Big Brother ist allgegenwärtig. Der Roman von Julia Lucadou geht noch weiter als der Klassiker „1984“ von George Orwell, der um 1948 entstand. In „Die Hochhausspringerin“ haben die Bürgerinnen und Bürger zu funktionieren. Wer nicht funktioniert, auf den wartet eine Hirnwäsche. Widerstand ist strikte verboten. Im Roman spielt die junge Frau Riva in diesem System der totalen Überwachung nicht mehr mit. Riva ist eine professionelle Sportlerin, die sich täglich im Flysuit kopfüber von Hochhäusern herab in Strassenschluchten stürzt. Erst kurz vor dem Aufprall wird sie vom Sprungseil wieder nach oben katapuliert. Das sogenannte „Skydiving“ hat Riva zum Superstar werden lassen. Doch dann weigert sich Riva plötzlich, weiter zu springen. Dies darf nicht sein, das System der totalen Überwachung hat Derartiges nicht vorgesehen. Vom System muss sich Riva deshalb einer persönlichen Überwachung unterziehen. Der widerspenstigen Riva wird eine einheimische Therapeutin namens Hitomi an die Seite gestellt.

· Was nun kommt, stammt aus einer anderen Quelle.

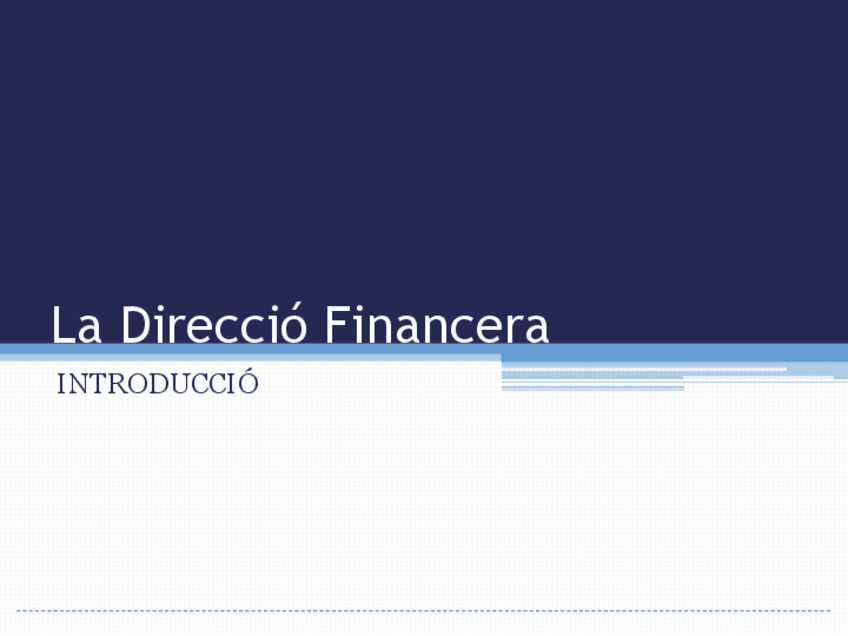 Miniatura del documento T-INV-T1-presentacio-.pdf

Rettung naht.  Überall auf der Welt nimmt die totale Überwachung noch zu. Die Protagonistin Riva im Roman von Julia Lucadou erfährt dies am eigenen Leib. Überall, wo sie sich aufhält, sind Kameras und Mikrofone versteckt. Doch dann taucht ein Retter auf. Eingeschleust vom „System“, besteht seine Aufgabe zwar darin, Riva durch sanften Druck zum Einlenken und Mitmachen im „System“ zu überreden. Doch der Retter entwickelt eine Eigendynamik, er spielt das böse Spiel nicht länger mit. Unter anderem kreiert er Freiräume, die es ihm erlauben, vom System digital unerreichbar zu sein. er schlägt sich auf Rivas Seite. Kann ein einzelner etwas ausrichten gegen ein totales System der Überwachung? Die Autorin hat sich als Antwort auf diese Frage etwas ganz Besonderes einfallen lassen.

Die Autorin Julia von Lacadou stammt aus Heidelberg. Weil sie aber am Literaturinstitut Biel studiert hat, ist ihr Roman in der engeren Auswahl für den Schweizer Buchpreis. Eigentlich ist sie Filmwissenschaftlerin. Ihre multimedialen Erfahrungen bringt die Autorin gekonnt in ihren Roman ein. Die Autorin will mit ihrem Buch zeigen, dass die allgegenwärtige Abhängigkeit der Menschen von digitalen Geräten alles bei weiten übertrifft, was George Orwell in seinem Klassiker „1948“ bereits vor siebzig Jahren prophezeit hat.

Nicht immer erreichbar sein, das bedeutet frei sein. Es ist dies eine Freiheit, die sich jede und jeder Einzelne teuer erkaufen muss. Arbeitgeber, Firmen und Unternehmen erwarten heute von ihren Angestellten eine permanente Erreichbarkeit. Wer dagegen protestiert, der läuft Gefahr, als Querulant zu gelten. Und noch schlimmer: Wer es sich leistet, der globalen Digitalisierung entgegenzutreten und sich eigene Freiräume offenzuhalten, der wird als Teamplayer schon bald nicht mehr ernst genommen.